The filemon command provides a quick test to determine if there is an I/O problem by
measuring the I/O service times for reads and writes at the disk and logical volume level.
The filemon command resides in /usr/bin and is part of the bos.perf.tools file set, which can
be installed from the AIX base installation media.
filemon syntax
The syntax of the filemon command is as follows:
filemon [-d ][-i Trace_File -n Gennames_File ][-o File ] [ -O Levels ] [-P ] [ -T n ] [
--u ][ --v ]
Flags:
-i Trace_File
Reads the I/O trace data from the specified Trace_File, instead of from the real-time trace
process. The filemon report summarizes the I/O activity for the system and period
represented by the trace file. The -n option must also be specified.
-n Gennames_File
Specifies a Gennames_File for offline trace processing. This file is created by running the
gennames command and redirecting the output to a file as follows (the -i option must also
be specified): gennames >file.
-o File
Writes the I/O activity report to the specified file instead of to the stdout file.
-d
Starts the filemon command, but defers tracing until the trcon command has been
executed by the user.

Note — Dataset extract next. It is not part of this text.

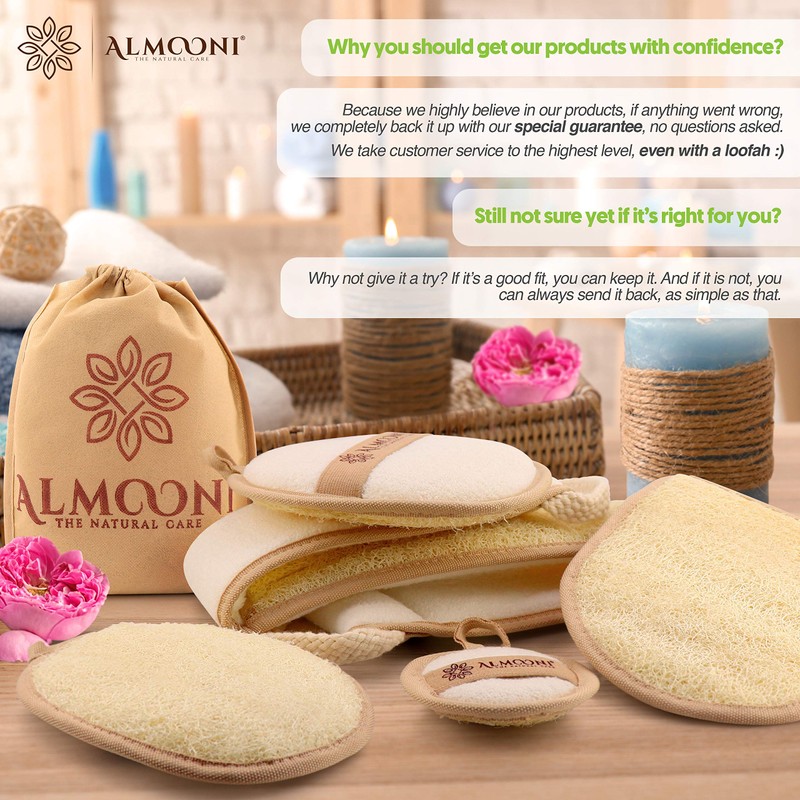 Almooni Natural Loofah Exfoliating Body Scrubber, Made with Natural Egyptian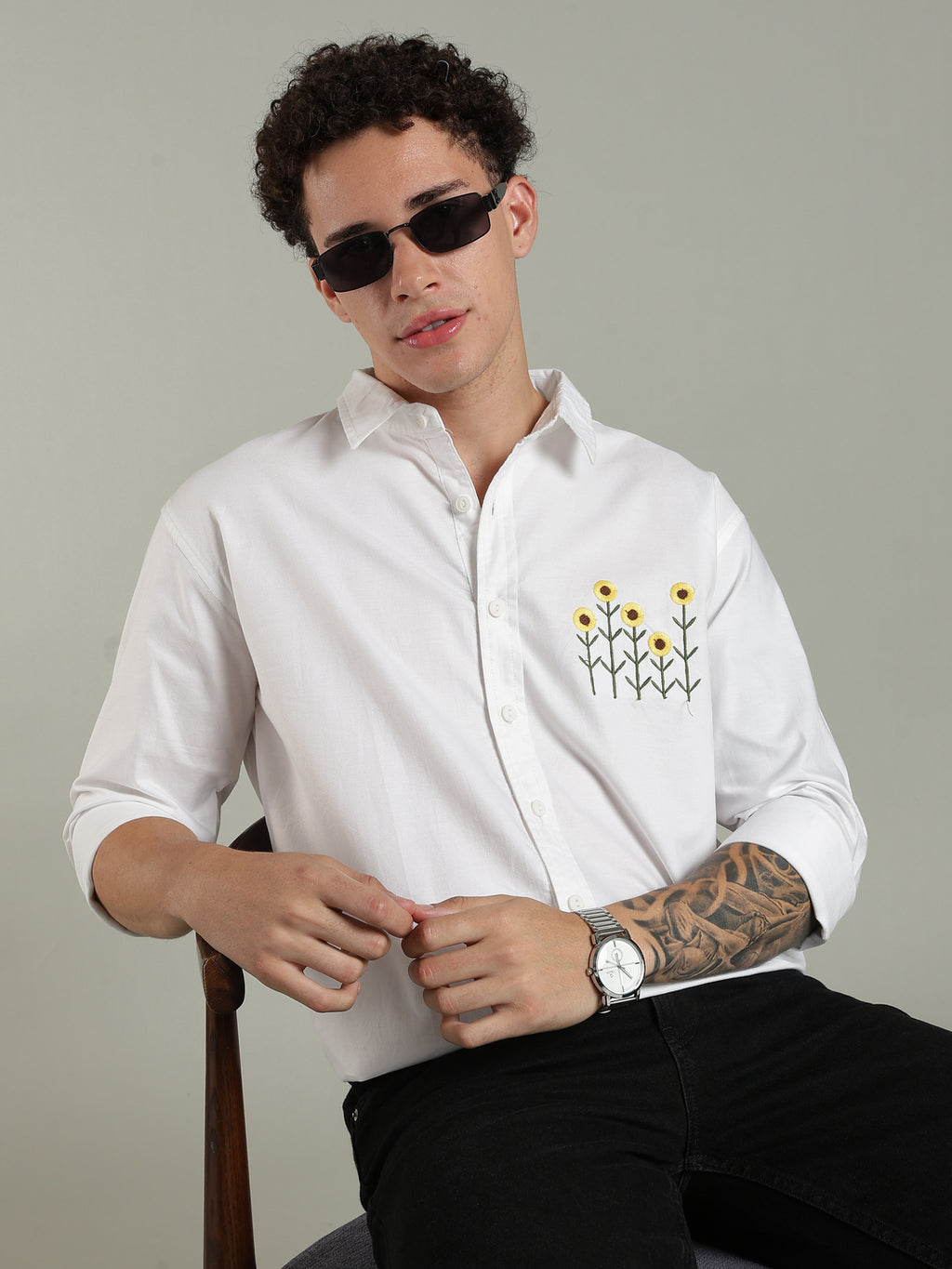 White Relaxed Fit Floral Embroidered Shirt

By default, tracing is started immediately.
-T n
Sets the kernel’s trace buffer size to n bytes. The default size is 32,000 bytes. The buffer
size can be increased to accommodate larger bursts of events (a typical event record size
is 30 bytes).
-P
Pins monitor process in memory. The -P flag causes the filemon command's text and data
pages to be pinned in memory for the duration of the monitoring period. This flag can be
used to ensure that the real-time filemon process is not paged out when running in a
memory constrained environment.
-v
Prints extra information in the report. The most significant effect of the -v flag is that all
logical files and all segments that were accessed are included in the I/O activity report,
instead of only the 20 most active files and segments.